• [EXERCISE]:
Repeat the listing below line by line, exactly, leaving its pictures behind.

• [GIVEN INFORMATION]:

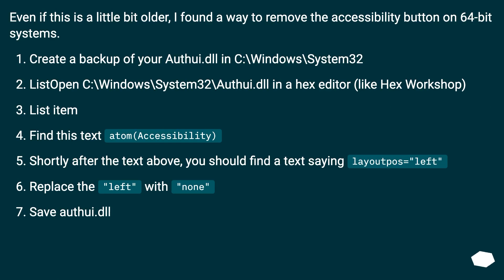Even if this is a little bit older, here is a way to remove the accessibility button on 64-bit systems. Create a backup of your authui.dll in C:\Windows\System32. Open C:\Windows\System32\authui.dll in a hex editor like Hex Workshop. Find the text item accessibility. Shortly after that text, you should find a text saying layout pose equals left. Replace the word left with none, then save authui.dll.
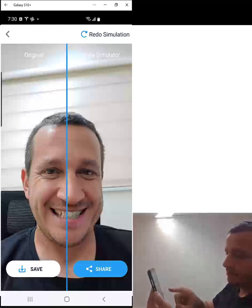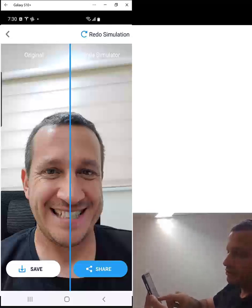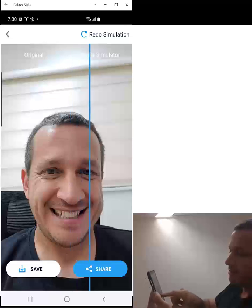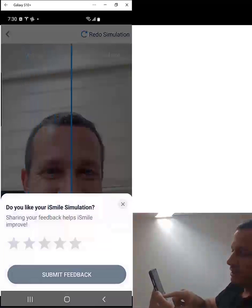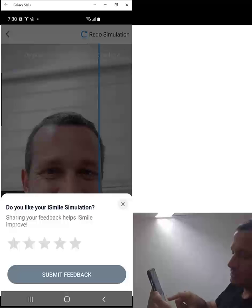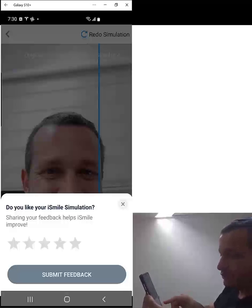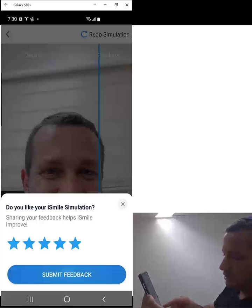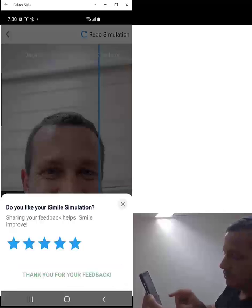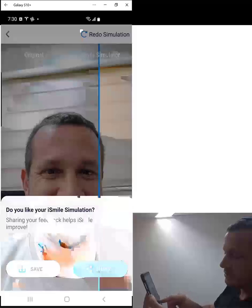The right side of the screen is the iSmile simulator. Simply tap on the screen, grab the blue line and drag it from side to side. Up here, we're prompted to rate the simulation — this is important as it helps us improve. So if you like the simulation that you received, give us a five-star rating and click submit feedback. Then you can go ahead and close this.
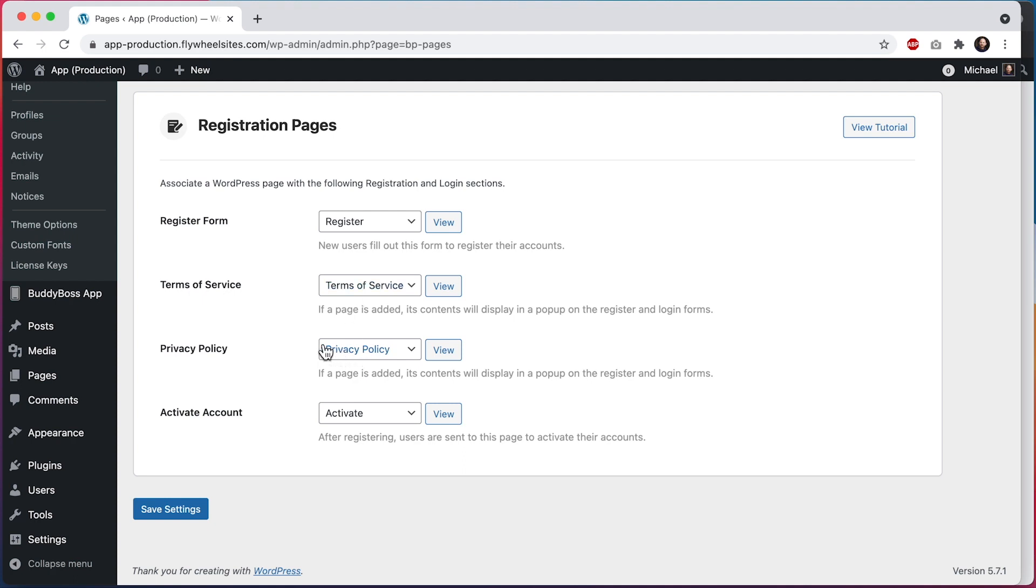then these pages will show in the registration forms on your website and app. If you've only added one of the two pages, then just that one page will display.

• [SOLUTION TO THE EXERCISE]:
Even if this is a little bit older, here is a way to remove the accessibility button on 64-bit systems. Create a backup of your authui.dll in C:\Windows\System32. Open C:\Windows\System32\authui.dll in a hex editor like Hex Workshop. Find the text item accessibility. Shortly after that text, you should find a text saying layout pose equals left. Replace the word left with none, then save authui.dll.
The right side of the screen is the iSmile simulator. Simply tap on the screen, grab the blue line and drag it from side to side. Up here, we're prompted to rate the simulation — this is important as it helps us improve. So if you like the simulation that you received, give us a five-star rating and click submit feedback. Then you can go ahead and close this.
then these pages will show in the registration forms on your website and app. If you've only added one of the two pages, then just that one page will display.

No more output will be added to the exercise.